Jadi ceritanya, di liburan semester kali ini aku harus
balik seminggu lebih awal sebelum mulai perkuliahan. Selama seminggu itu, aku
ikut ngurusin hewan yang ada di fakultas. Tentunya dengan kegiatan yang itu-itu
aja dan berulang aku ngerasa jenuh banget. Kegiatanku selain ngurusin hewan ya
paling cuma main handphone, makan, baca buku, dll yang rasanya super monoton. Sampe
akhirnya Rabu, 9 Agustus 2017 Maul (salah satu temen sekelasku) ngirim pamflet digital
(?) yang isinya aku rasa berkaitan dengan seminar-seminar gitu yang akan
digelar di fakultasku. Maul nanya tentang kebenaran pamflet itu.

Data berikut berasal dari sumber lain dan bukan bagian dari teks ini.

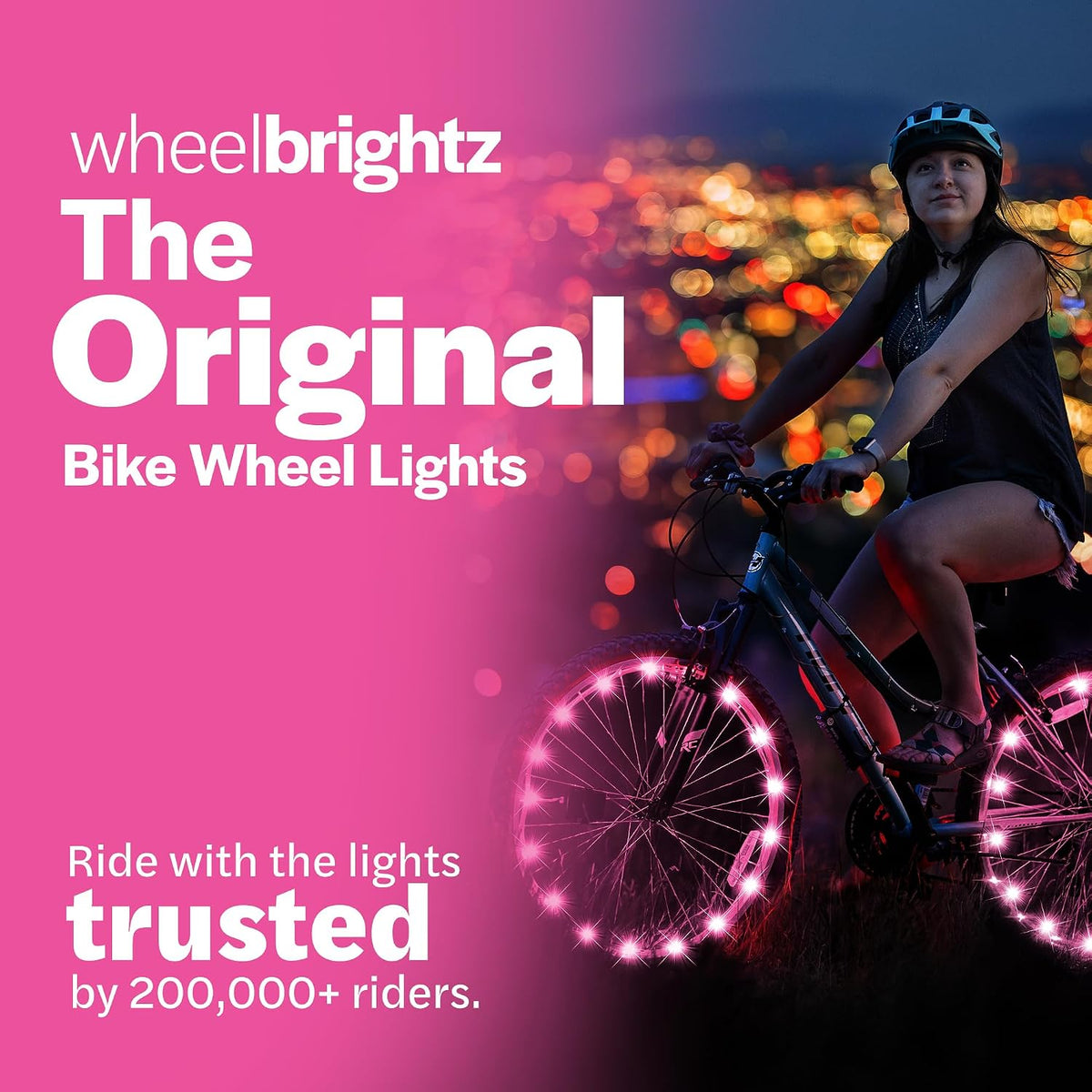 Brightz WheelBrightz LED Bike Wheel Lights - 2026 Edition with Superior Straps & LED-Weatherproof Shield! 14 Colors - Unmatched Durability, Visibility & 48+ Hours of Dazzling Illumination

Waktu aku buka, aku langsung akses link pendaftarannya. Aku
buru-buru daftar karena Tari (salah satu temen sekelasku yang juga anak BEM
fakultas) membenarkan kalo acara tersebut emang akan digelar di fakultasku, FPP
UNDIP. Padahal waktu aku daftar, aku gatau sama sekali itu acara apa, ngapain
aja, pembicaranya siapa, bayar berapa or dapet makan apa engga (lol). Satu yang
ada di pikiran aku pas daftar : gapapa ikut aja daripada gabut gaada kerjaan di
kost. Udah gitu aja.
Abis daftar barulah aku baca-baca lagi pamflet itu. Nama acaranya
Google I/O Extended dan akan digelar di tanggal 13 Agustus 2017 yang diadakan
oleh GDG Semarang. Hal yang aku tangkep pertama kali yaitu acara tersebut diadain
oleh Google dan pasti akan keren. Gak tau kenapa mindset aku saat tau itu acara
dari Google langsung kebayang gimana kerennya para creativepreneur atau content
creator yang suka aku pantengin kaya Aulion, Han Yoo Ra, Gita Savitri, Ria SW,
dll. yang juga pernah dateng ke ‘acaranya’ Google (pedahal acaranya ama yg ini uda
jelas beda kwkwk). Tapi itulah yang aku bayangin, apa aja yang dibuat Google
kayanya udah pasti keren sih. Acara ini sebenarnya seperti ingin mengenalkan
dan mengakrabkan produk-produk baru Google kepada masyarakat luas. Aku juga
baru tau belakangan kalo ternyata acara ini terbatas walaupun terbuka untuk
umum.
Hari Sabtu, 12 Agustus 2017 aku dapet email dari staff GDG
Semarang untuk Google I/O berupa konfirmasi kehadiran. Tentulah aku langsung
konfirmasi karena kalo ga hadir kursinya dikasih ke yang lain dan nantinya aku
akan susah untuk ikut acara-acaranya GDG yang lain kalau menolak hadir.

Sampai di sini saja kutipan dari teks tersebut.